YOUR OBJECTIVE
Your copy should match the listing below word for word, with no images in it.

- - - - -

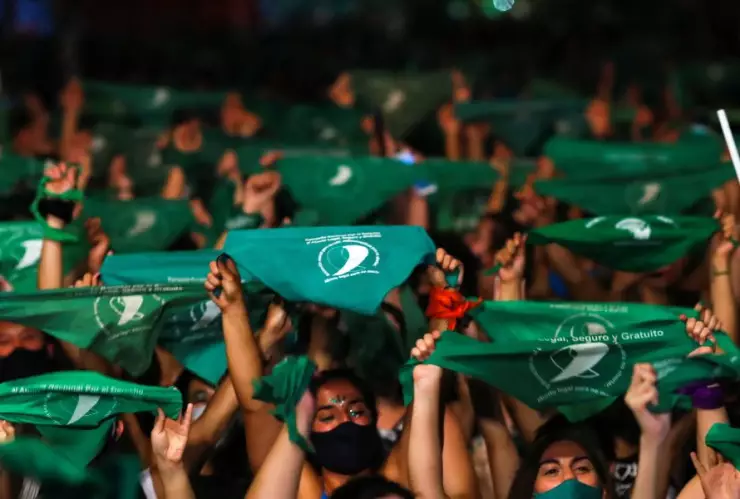 aborto legal manifestacion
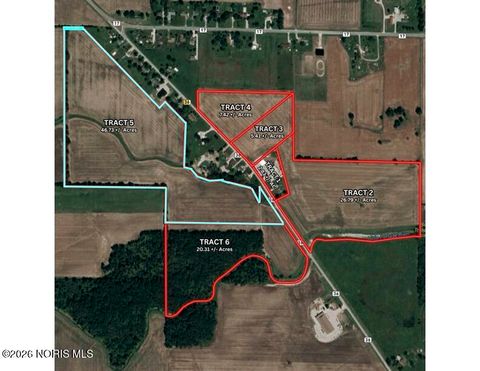 Photo of 0 S Mud Creek Road #0260598307820000, Oak Harbor, OH 43449 (MLS # 10002840)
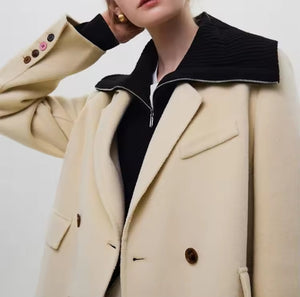 Urban Luxe Coat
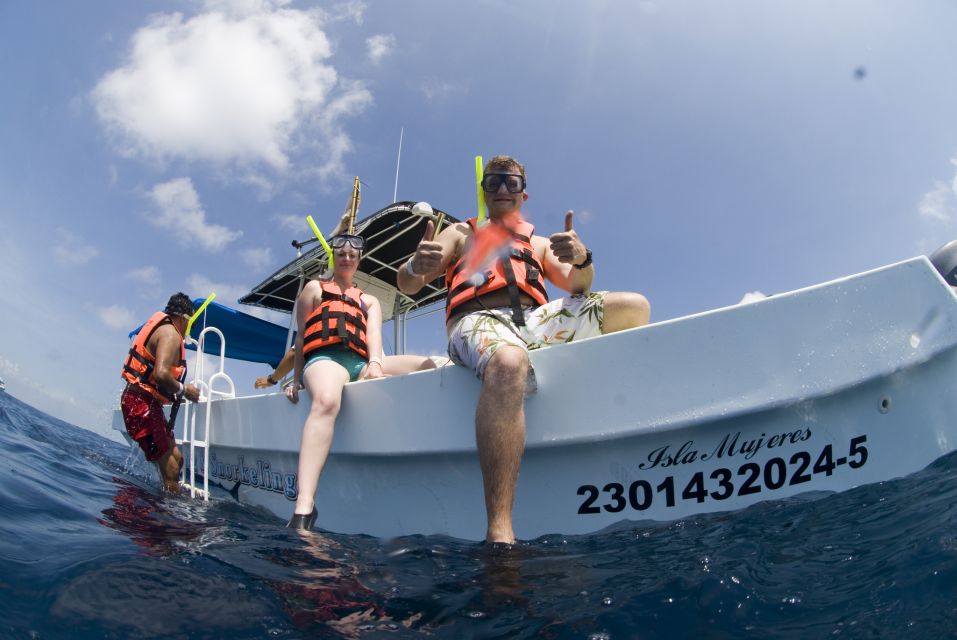Cancún: Swim With Whale Sharks - Inclusions and Exclusions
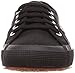 Superga 2750 COTU Classic, Zapatillas Unisex Adulto, Negro 996, 44 EU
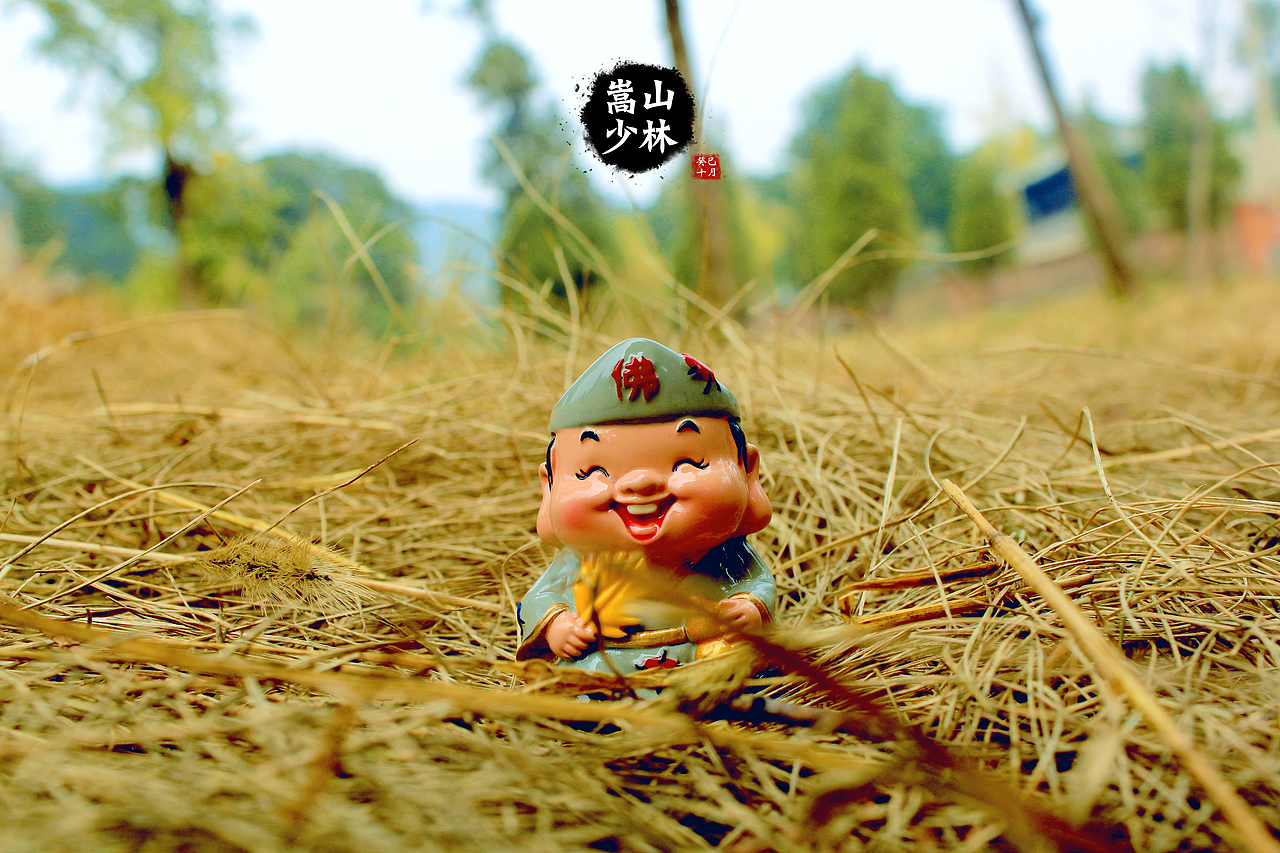 十一.嵩山少林篇（图ZMTIwNDMxMTY=） - 风光摄影 - 站酷设计师弃七侠原创素材 - 站酷ZCOOL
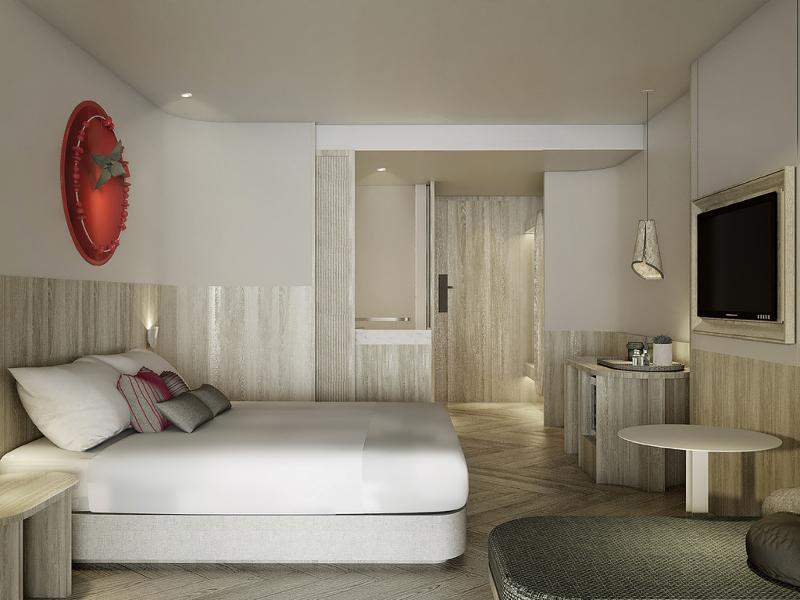 Mercure Rayong Lomtalay Villas & Resort - Oda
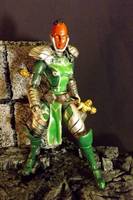 Fear Itself Sin (Marvel Legends) Custom Action Figure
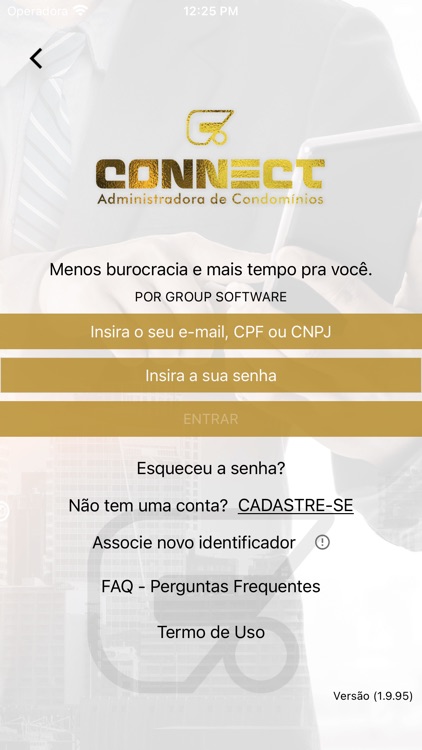 Connect Adm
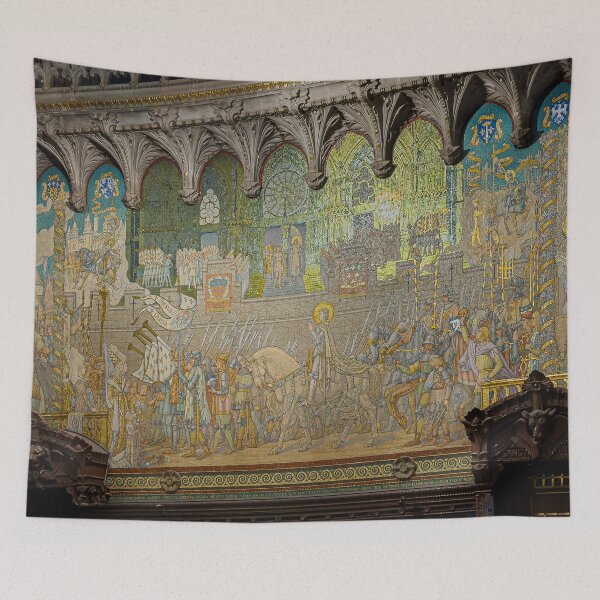 Item preview, The Magnificent Basilique Notre-Dame in Lyon, France designed and sold by Trevor and Photos.
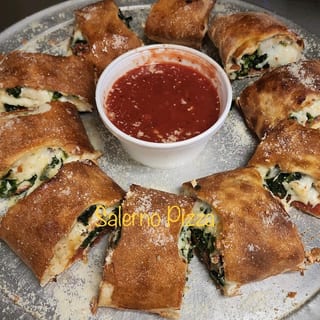 LG CHEESESTEAK STROMBOLI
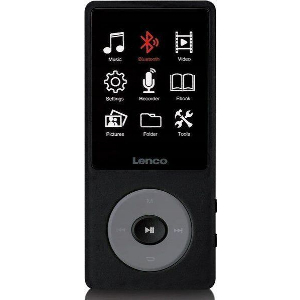 LENCO XEMIO 860 MP3 MP4 2.4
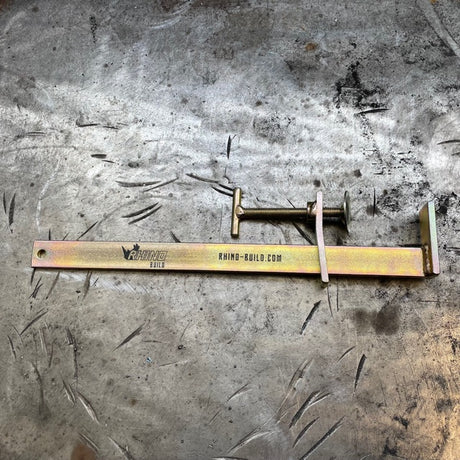 External Brick Clamp - Small Sliding by Rhinobuild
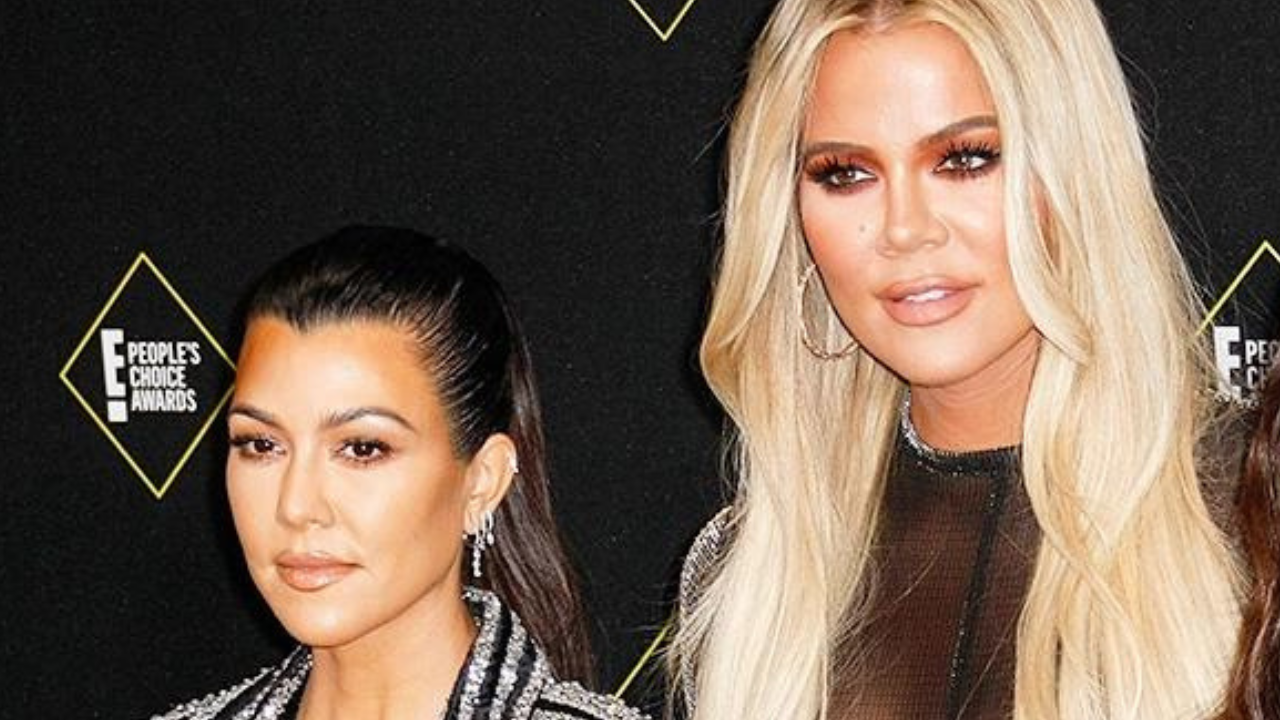 Khloe Kardashian: Kourtney Kardashian confesses desire to breastfeed ...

- - - - -

TASK RESULT
 aborto legal manifestacion
 Photo of 0 S Mud Creek Road #0260598307820000, Oak Harbor, OH 43449 (MLS # 10002840)
 Urban Luxe Coat
Cancún: Swim With Whale Sharks - Inclusions and Exclusions
 Superga 2750 COTU Classic, Zapatillas Unisex Adulto, Negro 996, 44 EU
 十一.嵩山少林篇（图ZMTIwNDMxMTY=） - 风光摄影 - 站酷设计师弃七侠原创素材 - 站酷ZCOOL
 Mercure Rayong Lomtalay Villas & Resort - Oda
 Fear Itself Sin (Marvel Legends) Custom Action Figure
 Connect Adm
 Item preview, The Magnificent Basilique Notre-Dame in Lyon, France designed and sold by Trevor and Photos.
 LG CHEESESTEAK STROMBOLI
 LENCO XEMIO 860 MP3 MP4 2.4
 External Brick Clamp - Small Sliding by Rhinobuild
 Khloe Kardashian: Kourtney Kardashian confesses desire to breastfeed ...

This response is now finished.